Tu non vuoi problemi, perché avete giurato, tu e tuo fratello di non cacciarvi nei guai, di non bere, di non farvi le canne, di dare un buon esempio. Studi, vai a scuola, e coltivi un sogno grandissimo.
I guai però ti inseguono lo stesso, solo perché dalla tua casa al di là del Mediterraneo hai ereditato dei capelli ricci e scuri e un colorito poco milanese. Quindi sei automaticamente un ragazzo “sospetto”. E subisci l’umiliazione di richieste di documenti e perquisizioni senza senso, da parte di poliziotti che ti tengono d’occhio perché sei un immigrato. Ma nelle tue tasche trovano solo matite, fogli e sogni.
E poi tu non sei un immigrato, sei nato qui. Sei figlio di immigrati. Sei un ragazzo di seconda generazione che ha solo bisogno di qualcuno che creda in lui.
Sei mortificato e ferito, ma continui a coltivare il tuo sogno grandissimo, anche se non hai i soldi per concimarlo, per farlo sbocciare come meriterebbe.
Però hai un talento fuori dal comune e serve solo un angelo che se ne accorga e ti dia la possibilità che la vita finora ti ha negato. E poi questo angelo, sorprendentemente, arriva.
Sembra una favola ma non lo è.
È una storia vera quella di Ahmed Malis, una storia che Nicoletta Bortolotti racconta nel libro “Disegnavo pappagalli verdi alla fermata del metrò”, un libro che riesce a farci immedesimare nel mondo di un ragazzo di 19 anni che ha “la fame di chi non ha avuto niente” e desidera solo disegnare. Lo desidera da quando era piccolo, e da autodidatta si è impadronito di uno straordinario stile iperrealistico. Ma è figlio di immigrati egiziani, e disegnare è un lusso. Perché anche le matite da disegno costano.
Eppure basta trovare qualcuno che creda in lui, nel suo talento, nella sua determinazione e tutto va come deve andare.

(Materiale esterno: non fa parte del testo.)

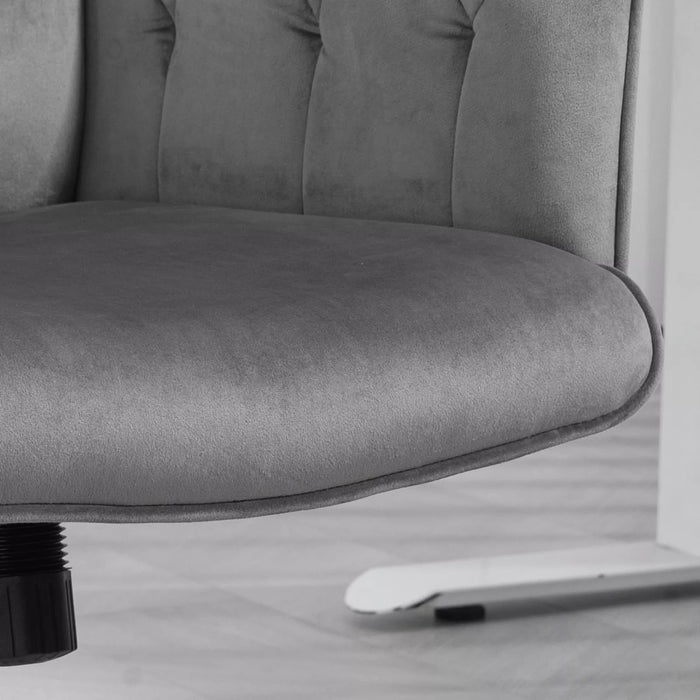 Image of a velvet grey desk chair with button tufted back and swivel wheels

Come nelle favole.
La storia di Ahmed Malis è bellissima ed esemplare, ma è al tempo stesso molto amara: quanti altri ragazzi delle periferie, senza mezzi, senza possibilità e senza l’incontro con un angelo silenzioso sono costretti a rinunciare ai loro sogni e accantonare il loro talento, travolti da una vita dura fin dall’inizio, quando dovrebbe essere ancora lecito pensare di poter fare tutto?
Però forse leggere la sua storia può essere di incitamento e speranza per tutti gli Ahmed Malis che ogni giorno incrociamo sulle nostre strade, ma che preferiamo non vedere, perché ai nostri occhi appaiono semplicemente come “persone di una classe inferiore”, come urla a un certo punto Ahmed nel libro, consapevole delle ingiustizie di questo nostro mondo.
Ma soprattutto la dovrebbero leggere tutti quelli che giudicano le persone da come si vestono, dal colore della pelle, dalla musica che ascoltano senza riuscire a guardare oltre, e soprattutto dentro le persone.